While a lack of evidence does not necessarily mean these things are not being done, in the CQC’s 2017 Community Survey 24% of patients similarly reported not being involved in their care planning. The CQC note that ‘in every report since 2008, we have highlighted difficulties with care planning processes for people subject to the MHA.’ Given the lack of improvement over this time the CQC pins its hopes on the Independent Review of the Mental Health Act, due to publish its interim report shortly. On care planning the CQC suggests that:
‘… statutory duties (including duties to record or follow specific processes, or duties on managers to make sure that they take place) may provide an additional lever to effect change.
There is a clear need for a statutory framework for care planning for those subject to the MHA. Lessons can be learnt from the relatively recent introduction of the Care Act 2014. Despite its imperfections, what that Act gives you are clear processes for assessing needs, deciding how those need will be met and the provision of any necessary support. The process places clear duties on local authorities to assess, inform and involve, all of which are enforceable.
While the MHA provides a detailed framework for when and how people with mental health conditions can be admitted to hospital involuntarily and when they must be discharged, it is pretty quiet about what happens to them once they are there.
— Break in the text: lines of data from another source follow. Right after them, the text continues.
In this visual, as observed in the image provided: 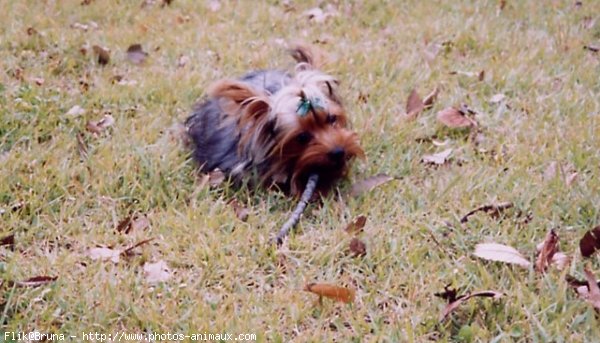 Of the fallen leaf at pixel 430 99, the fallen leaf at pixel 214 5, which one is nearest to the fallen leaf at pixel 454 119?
the fallen leaf at pixel 430 99

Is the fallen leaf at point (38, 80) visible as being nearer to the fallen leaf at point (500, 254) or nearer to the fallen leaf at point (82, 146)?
the fallen leaf at point (82, 146)

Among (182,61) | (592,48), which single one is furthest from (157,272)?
(592,48)

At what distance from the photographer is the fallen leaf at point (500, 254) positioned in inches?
102

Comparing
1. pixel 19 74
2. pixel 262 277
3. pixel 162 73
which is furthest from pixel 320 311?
pixel 19 74

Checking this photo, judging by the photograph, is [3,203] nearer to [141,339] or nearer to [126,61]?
[141,339]

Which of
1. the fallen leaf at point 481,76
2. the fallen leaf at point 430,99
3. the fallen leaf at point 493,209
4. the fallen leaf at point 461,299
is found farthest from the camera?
the fallen leaf at point 481,76

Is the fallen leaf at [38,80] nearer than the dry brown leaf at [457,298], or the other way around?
the dry brown leaf at [457,298]

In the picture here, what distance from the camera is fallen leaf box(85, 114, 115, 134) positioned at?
369 centimetres

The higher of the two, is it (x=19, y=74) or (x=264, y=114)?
(x=264, y=114)

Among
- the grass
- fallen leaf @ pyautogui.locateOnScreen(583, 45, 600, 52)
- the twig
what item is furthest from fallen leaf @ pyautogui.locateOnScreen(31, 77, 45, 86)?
fallen leaf @ pyautogui.locateOnScreen(583, 45, 600, 52)

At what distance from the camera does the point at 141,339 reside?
229 cm

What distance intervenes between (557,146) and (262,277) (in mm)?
1712

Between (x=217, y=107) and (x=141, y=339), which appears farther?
(x=217, y=107)

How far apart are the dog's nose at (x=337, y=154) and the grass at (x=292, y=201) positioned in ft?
0.62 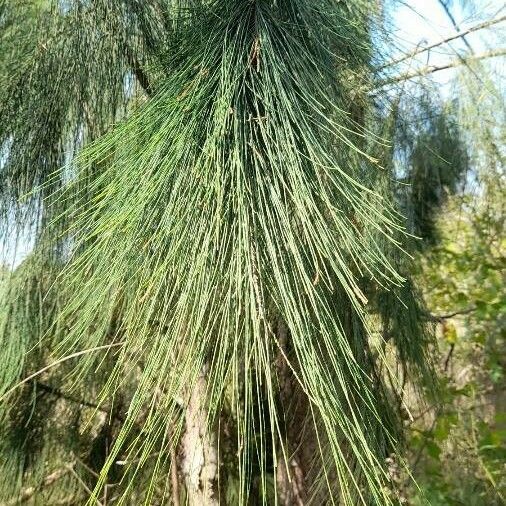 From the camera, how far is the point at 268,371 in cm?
60

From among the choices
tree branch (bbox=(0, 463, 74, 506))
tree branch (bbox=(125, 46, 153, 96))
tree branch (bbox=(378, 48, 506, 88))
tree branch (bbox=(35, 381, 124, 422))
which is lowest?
tree branch (bbox=(0, 463, 74, 506))

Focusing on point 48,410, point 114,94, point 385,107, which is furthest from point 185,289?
point 48,410

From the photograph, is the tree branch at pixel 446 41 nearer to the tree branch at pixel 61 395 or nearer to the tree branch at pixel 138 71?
the tree branch at pixel 138 71

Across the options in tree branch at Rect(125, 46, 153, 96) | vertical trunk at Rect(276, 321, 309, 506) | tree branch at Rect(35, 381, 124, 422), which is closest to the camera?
tree branch at Rect(125, 46, 153, 96)

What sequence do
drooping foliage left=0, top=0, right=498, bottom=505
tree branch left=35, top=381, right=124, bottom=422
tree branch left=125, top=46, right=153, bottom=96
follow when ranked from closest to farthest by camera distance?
drooping foliage left=0, top=0, right=498, bottom=505 → tree branch left=125, top=46, right=153, bottom=96 → tree branch left=35, top=381, right=124, bottom=422

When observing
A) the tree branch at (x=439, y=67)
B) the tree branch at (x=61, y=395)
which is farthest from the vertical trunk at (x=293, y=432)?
the tree branch at (x=439, y=67)

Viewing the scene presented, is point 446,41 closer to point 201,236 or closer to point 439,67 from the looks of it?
point 439,67

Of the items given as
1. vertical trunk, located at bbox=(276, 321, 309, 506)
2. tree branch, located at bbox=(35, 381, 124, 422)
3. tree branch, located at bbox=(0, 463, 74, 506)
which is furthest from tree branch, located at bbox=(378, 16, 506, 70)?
tree branch, located at bbox=(0, 463, 74, 506)

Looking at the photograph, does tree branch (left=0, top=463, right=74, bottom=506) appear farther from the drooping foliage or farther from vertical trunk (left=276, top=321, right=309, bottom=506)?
vertical trunk (left=276, top=321, right=309, bottom=506)

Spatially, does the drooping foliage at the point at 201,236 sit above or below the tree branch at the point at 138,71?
below

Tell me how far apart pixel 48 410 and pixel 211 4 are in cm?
101

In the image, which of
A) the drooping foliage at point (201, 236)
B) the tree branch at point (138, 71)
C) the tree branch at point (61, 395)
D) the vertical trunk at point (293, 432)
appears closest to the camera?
the drooping foliage at point (201, 236)

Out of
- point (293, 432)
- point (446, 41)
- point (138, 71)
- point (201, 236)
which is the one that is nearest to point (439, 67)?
point (446, 41)

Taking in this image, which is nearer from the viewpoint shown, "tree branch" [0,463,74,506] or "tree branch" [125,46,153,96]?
"tree branch" [125,46,153,96] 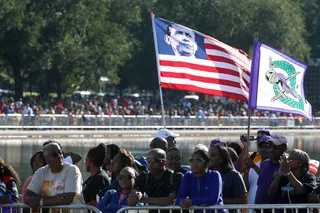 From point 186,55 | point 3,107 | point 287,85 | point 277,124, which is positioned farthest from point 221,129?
point 287,85

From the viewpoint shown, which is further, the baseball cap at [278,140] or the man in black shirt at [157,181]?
the baseball cap at [278,140]

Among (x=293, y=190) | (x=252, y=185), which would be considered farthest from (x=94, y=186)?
(x=293, y=190)

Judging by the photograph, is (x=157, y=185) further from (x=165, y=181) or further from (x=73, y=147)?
(x=73, y=147)

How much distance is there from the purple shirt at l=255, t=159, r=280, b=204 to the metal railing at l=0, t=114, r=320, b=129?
1610 inches

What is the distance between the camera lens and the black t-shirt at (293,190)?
37.0 feet

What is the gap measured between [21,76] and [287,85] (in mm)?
61329

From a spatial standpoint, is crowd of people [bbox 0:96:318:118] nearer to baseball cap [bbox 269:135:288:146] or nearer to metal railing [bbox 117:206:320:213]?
baseball cap [bbox 269:135:288:146]

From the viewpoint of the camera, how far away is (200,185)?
35.4 ft

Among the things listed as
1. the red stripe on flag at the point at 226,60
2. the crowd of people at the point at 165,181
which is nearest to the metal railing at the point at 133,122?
the red stripe on flag at the point at 226,60

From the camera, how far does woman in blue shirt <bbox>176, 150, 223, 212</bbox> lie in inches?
422

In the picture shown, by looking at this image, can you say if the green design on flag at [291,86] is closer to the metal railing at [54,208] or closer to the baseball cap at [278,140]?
the baseball cap at [278,140]

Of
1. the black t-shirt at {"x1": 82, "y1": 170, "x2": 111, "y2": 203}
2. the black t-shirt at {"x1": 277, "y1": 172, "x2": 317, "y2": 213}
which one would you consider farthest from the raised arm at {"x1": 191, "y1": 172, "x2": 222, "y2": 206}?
the black t-shirt at {"x1": 82, "y1": 170, "x2": 111, "y2": 203}

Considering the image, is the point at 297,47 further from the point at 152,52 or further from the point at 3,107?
the point at 3,107

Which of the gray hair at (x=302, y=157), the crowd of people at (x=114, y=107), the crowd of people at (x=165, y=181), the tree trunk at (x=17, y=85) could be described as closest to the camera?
the crowd of people at (x=165, y=181) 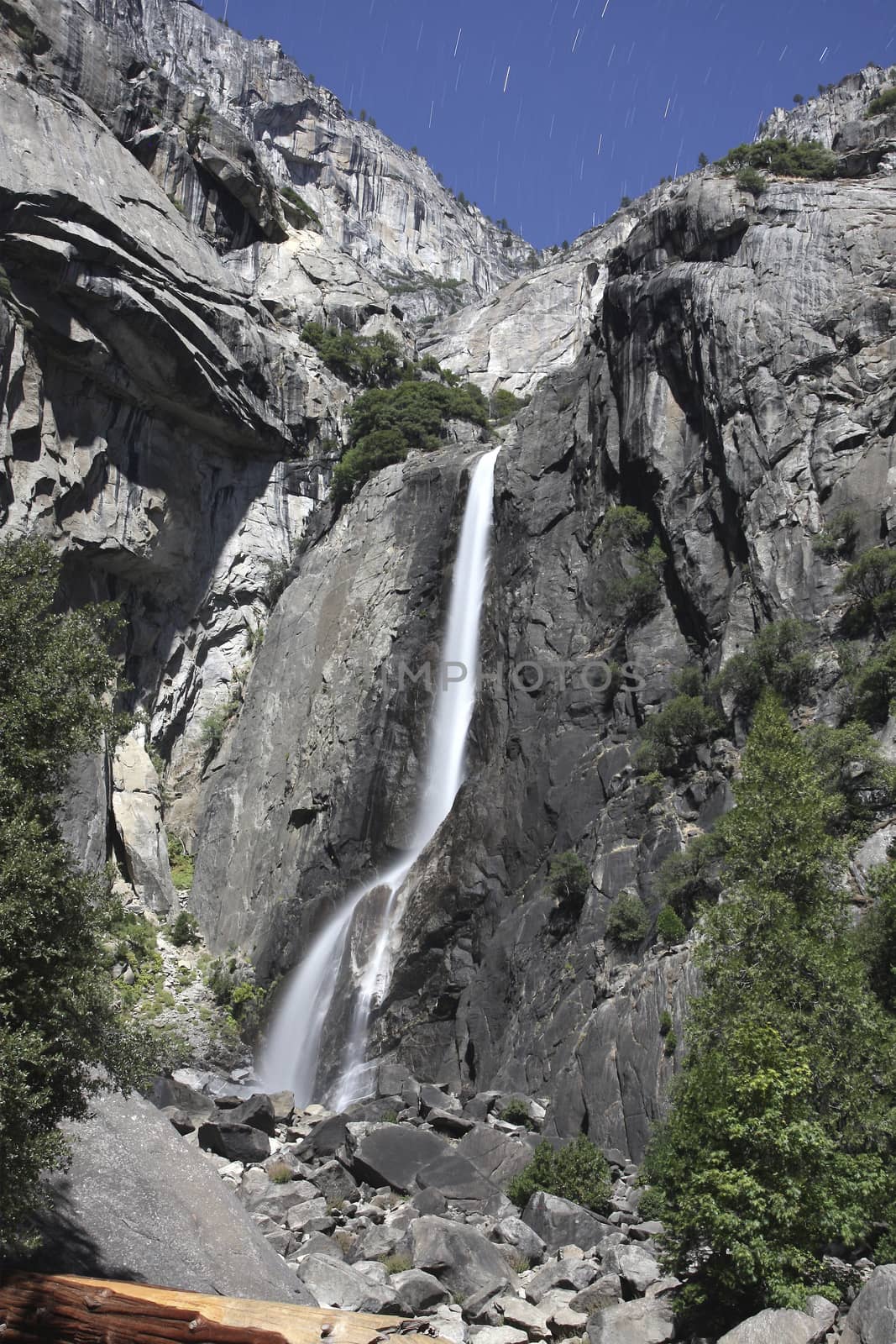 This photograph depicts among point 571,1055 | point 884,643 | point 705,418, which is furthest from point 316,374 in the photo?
point 571,1055

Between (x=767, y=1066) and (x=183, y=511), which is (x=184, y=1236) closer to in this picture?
(x=767, y=1066)

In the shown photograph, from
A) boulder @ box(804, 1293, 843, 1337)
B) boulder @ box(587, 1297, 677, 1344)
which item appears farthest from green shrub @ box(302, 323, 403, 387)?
boulder @ box(804, 1293, 843, 1337)

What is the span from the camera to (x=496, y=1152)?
19.7 meters

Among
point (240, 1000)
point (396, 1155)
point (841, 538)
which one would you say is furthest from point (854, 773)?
point (240, 1000)

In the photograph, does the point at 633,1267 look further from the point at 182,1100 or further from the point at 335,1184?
the point at 182,1100

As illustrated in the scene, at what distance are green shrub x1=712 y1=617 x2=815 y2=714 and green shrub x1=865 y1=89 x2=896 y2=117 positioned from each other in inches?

Why the stark difference between the two regimes? People subject to the MHA have a range of needs which should be assessed and met, in the method of their choosing where possible, and involving the people they wish to be involved. While a statutory framework under the MHA would need to differ in a number of ways from that under the Care Act, having a statutory framework allows us to consider what needs to be included. It could provide a way for views to be sought and recorded, in advance and at the time; for decisions on capacity to be made explicit; for the ability to challenge individual bits of your care plan; for discharge planning to start in a timely manner, and a whole host of other things.
Without this the MHA will remain a very one-sided instrument where once you’re in you’re in and you get what you’re given. This power imbalance has to be a focus for the Independent Review.